# Clearfork TR



## Wild One (Jul 3, 2008)

Howdy boys.

I just now got the chance to post up on Clearfok trip last Friday. Bottom line: it was a heck of a lot better than working, but nothing to write home about.

Fished the park from about 7:30 til noon. Two guys were fishing the big, deep holes I really wanted to, so I drove back up to fish from the covered bridge upstream. Both smallies came from the bridge area. One on an olive Feather Body Soft Hackle (Peter Frailey's design) and the second, bigger one on a BH prince sz. 14. Both hookups were dead drifted underneath an EHC. I had a couple looks and one hit on the caddis, but no hook ups. The only notable insect activity were little white mayflies. VERY small Light Cahills would have done the job, but I didn't have anything smaller than a 14. 18 would've been perfect. I saw a few. Nothing crazy.
I also landed several sunfish on either the prince nnymph or red humpy (which was the most productive fly of the day).

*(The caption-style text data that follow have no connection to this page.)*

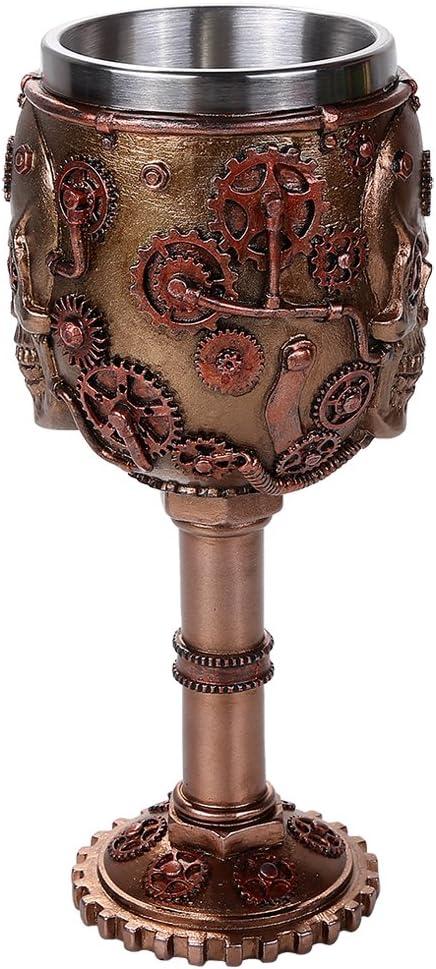 Steampunk Gear Head Skull Goblet, Pacific Giftware, 7oz Wine Chalice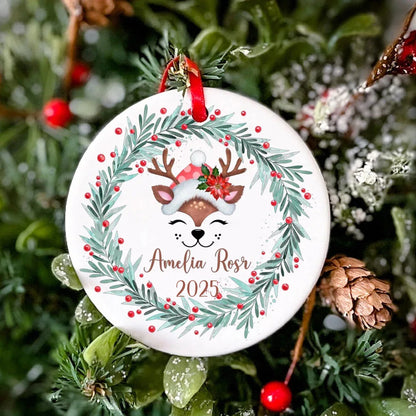 Personalized Baby First Christmas Ornament – Custom Ceramic Keepsake Photo Prop Gift for Infants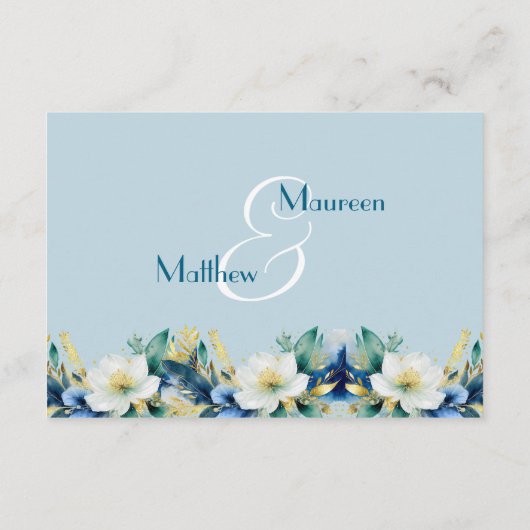 ダスティブルー金ゴールドグリッターQRコード結婚の詳細 エンクロージャーカード (裏面)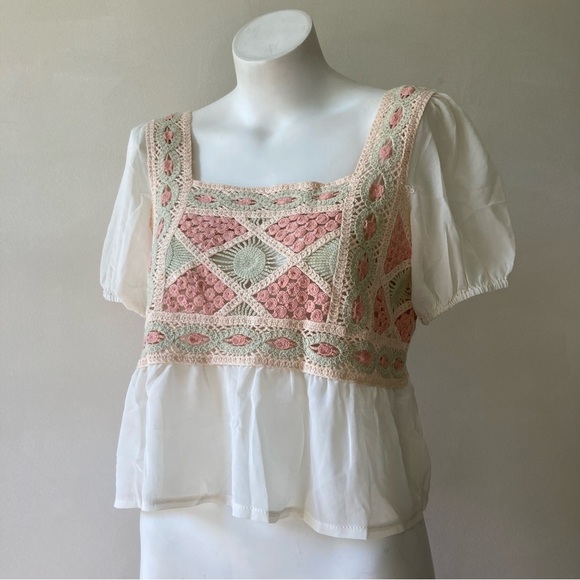 Rebellion | Crochet Sheer Fluttery Pastel Crop Tank Top - Picture 2 of 6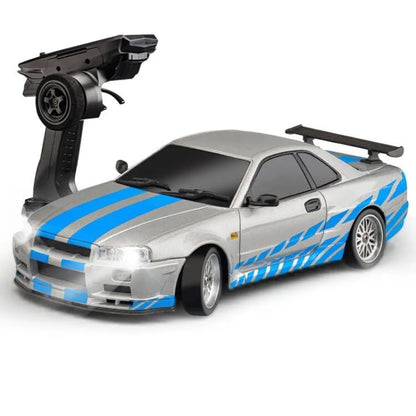 LD1899 1/18 Scale RC Drift Car, GTR R34 2.4GHz RWD Mini Model Car with Gyro, Alloy Body Shell Racing Cars for Adults Toys (Silver-Blue) - color: Silver-blue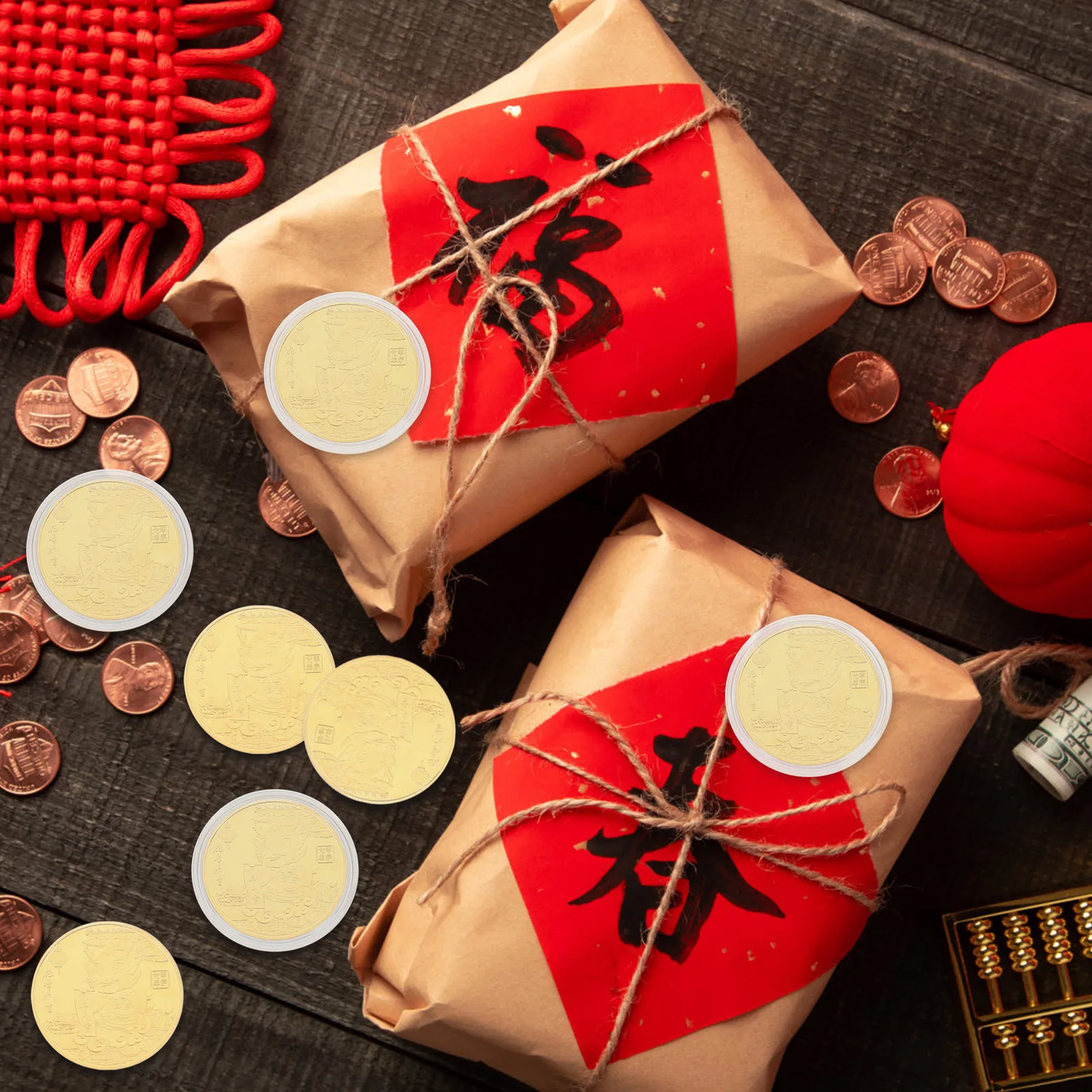 

6 set Year Of Dragon Commemorative Coins Chinese New Year 2024 Souvenir Gift Set Zodiac Party Favors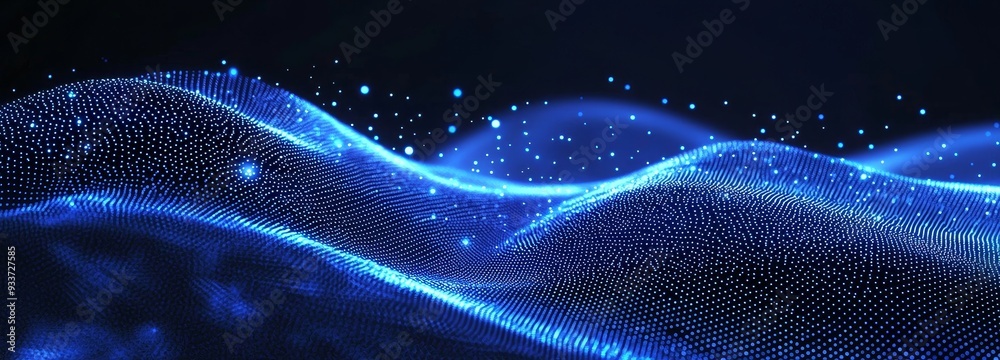 Poster A futuristic dots background with abstract technology. Big data digital code. 3D rendering of abstract dots.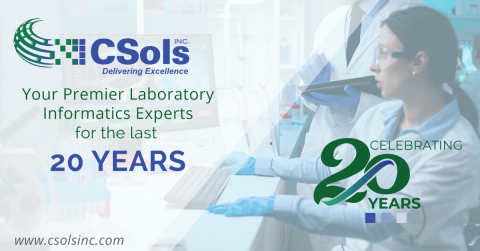 original Celebrating 20 years. CSols, Inc. Your premier laboratory informatics experts for the last 20 years. (Photo: Business Wire)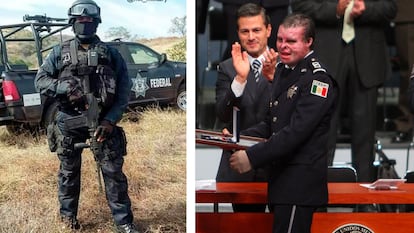 Iván Morales (izquierda) en sus días de servicio, a la derecha, recibiendo un reconocimiento a su labor, de manos del presidente Enrique Peña Nieto.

I was stumped and extremely frustrated by the HUGE active carp in the river. I tried almost every nymph variation I could find. I tried clousers, buggers, streamers....not sure what they were eating, but they were eating it all day long. I'm assuming it was nymphs b/c they were all hunkered down to the stream bed and I could see them looking up stream flashing like the Vegas Strip. 

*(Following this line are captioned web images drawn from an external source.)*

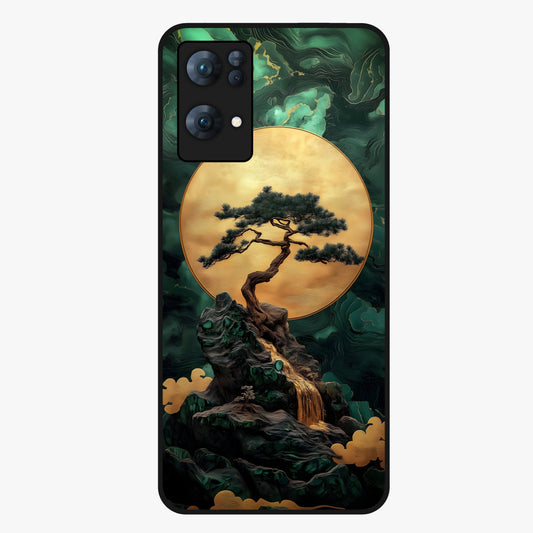 Zen Moon Rise Glass Case showing flat back view with calm moonrise artwork and glossy glass finish.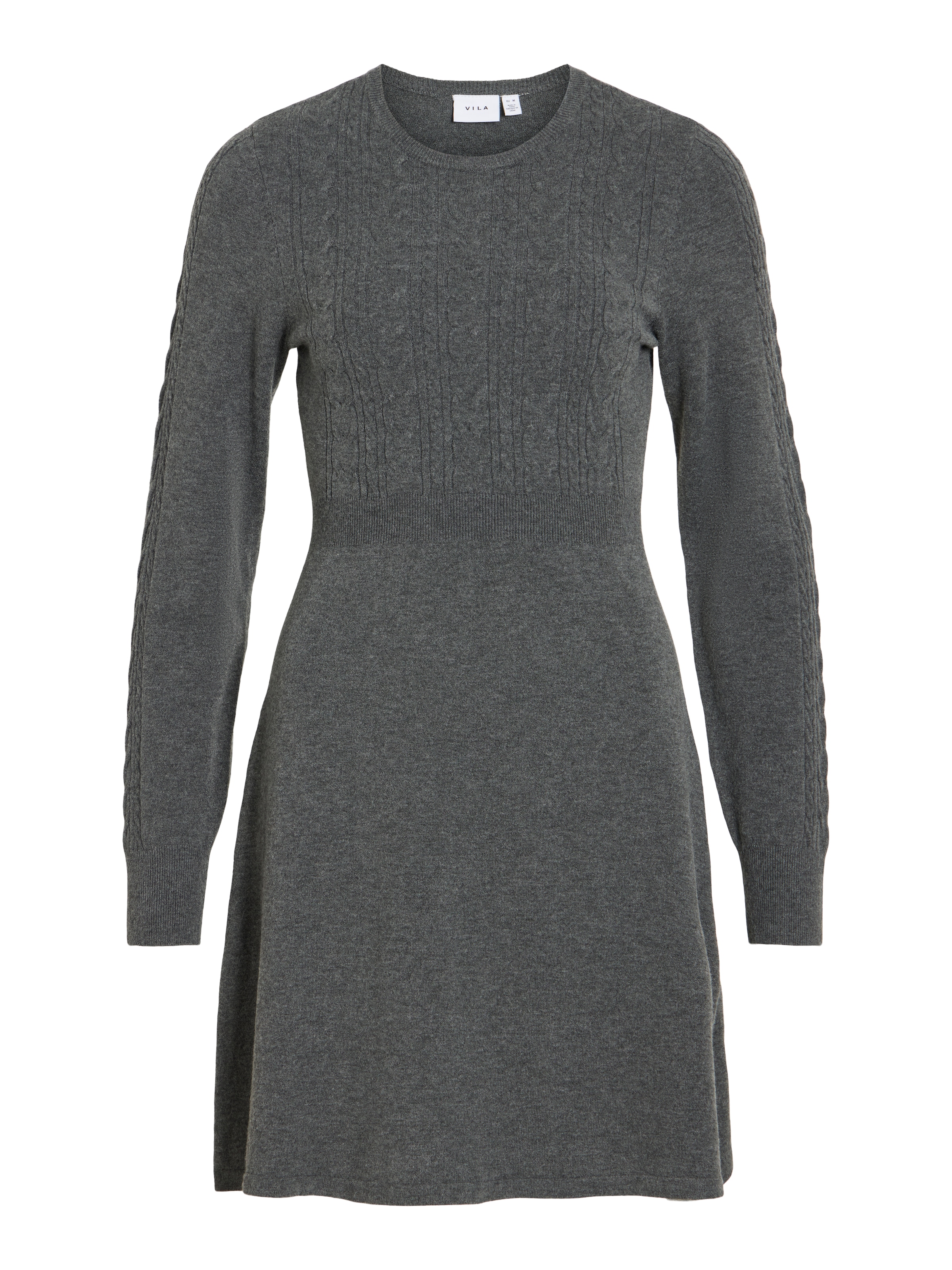Vila Minikleid »VIKERRY O-NECK L/S CABLE KNIT DRESS NOOS« aus Materialmix mit Viskose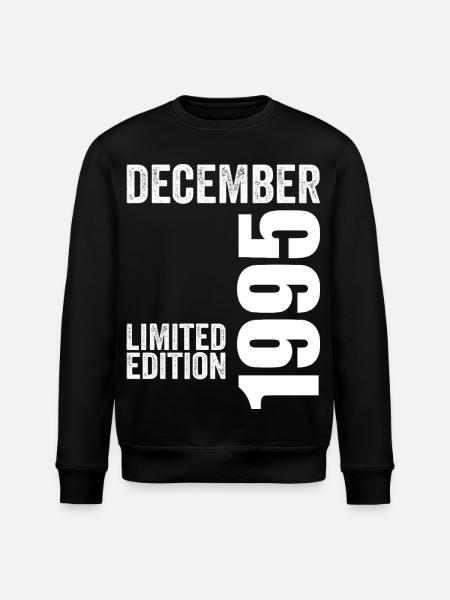 Retro Birthday Gift - December 1995 - Stanley/Stella ROLLER Unisex Organic Sweatshirt - black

The only nymphs I saw were teeny, teeny (equal to a size 18-20) caddis nymphs. Light greenish in color. I did not see one adult caddis all day long.

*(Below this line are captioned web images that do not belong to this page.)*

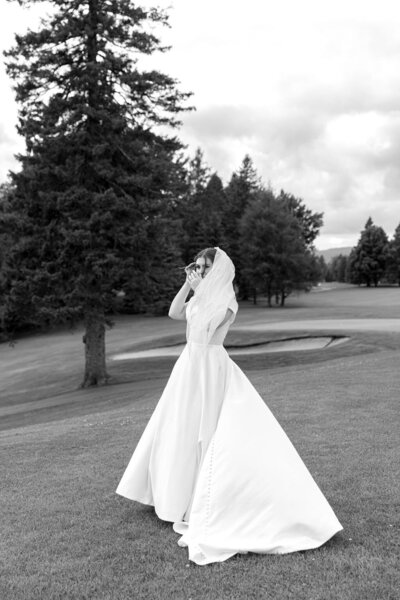 quebec city the royal golf wedding bride portrait | luxury wedding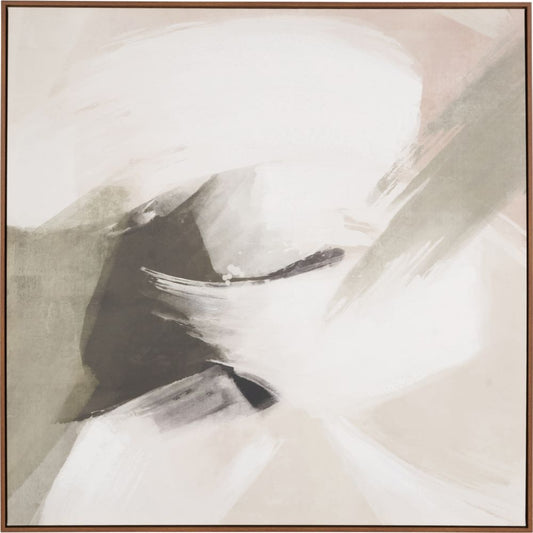 Canvas Monochrome Abstract Square with Oak Effect Frame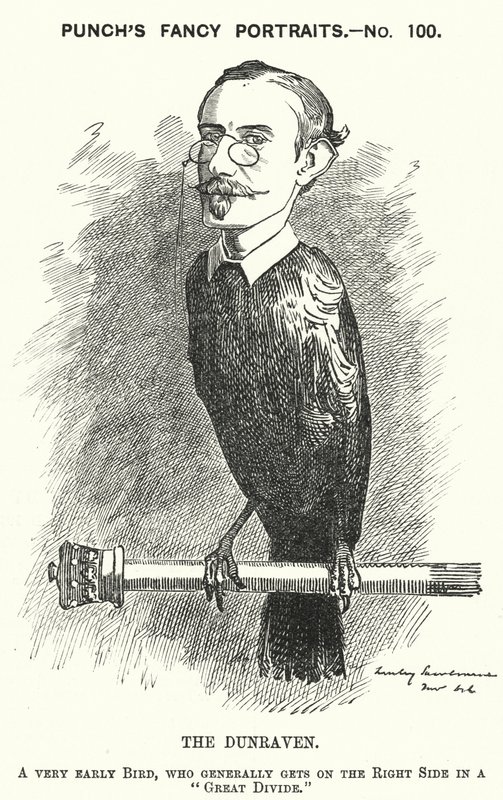 Caricatura de Punch: Windham Wyndham-Quin, 4º Conde de Dunraven y Mount-Earl, periodista anglo-irlandés, terrateniente y político conservador (grabado) de Edward Linley (after) Sambourne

Fished around Gatton Rocks nursery from noon til 2:30. First time fishing this stretch and I am in LOVE! This really reminds me of a lot of the rivers back home in the rockies. Beautiful scenery. Simply beautiful. I landed one brown on a BHPTN (size 14) one hooked and lost while swinging a deerfield special (sz 12). Caught more nasty little creek chubs than I care to admit. Saw two guys fishing the access hole when I was leaving. One giving what looked like a high-sticking lesson to the other (anyone here???).

I took a few pics that I will attach later, but my camera just got too cumbersome to carry with me. If you're thinking of getting up to the Fork...do it. Clear water; not too low. Very nice. Crowds got thick in both places as the day went on.


----------



## brhoff (Sep 28, 2006)

The place do get crowded!

Odd you say that about reminding you of "home waters", I am from the East Coast and it was the first place I found in Ohio that looked like a creek was "supposed" to look like as well.

I nailed that HUGE smallie there last summer and still itch to fish it and KICK myself for not having the cam with me.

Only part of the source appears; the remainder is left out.